Extracted information:
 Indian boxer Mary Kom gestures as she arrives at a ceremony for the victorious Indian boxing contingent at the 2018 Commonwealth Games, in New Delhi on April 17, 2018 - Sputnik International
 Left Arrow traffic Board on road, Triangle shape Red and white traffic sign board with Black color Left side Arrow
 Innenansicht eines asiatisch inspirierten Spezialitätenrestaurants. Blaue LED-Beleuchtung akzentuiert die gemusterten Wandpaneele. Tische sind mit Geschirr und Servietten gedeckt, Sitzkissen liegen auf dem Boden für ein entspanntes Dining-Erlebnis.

...

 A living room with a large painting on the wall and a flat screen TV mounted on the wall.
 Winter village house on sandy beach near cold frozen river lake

What is needed: Please make an exact copy of the lines above from the line with "A living room" through the line with "Winter village house", both ends included.

Result for this exercise:
 A living room with a large painting on the wall and a flat screen TV mounted on the wall.
 Winter village house on sandy beach near cold frozen river lake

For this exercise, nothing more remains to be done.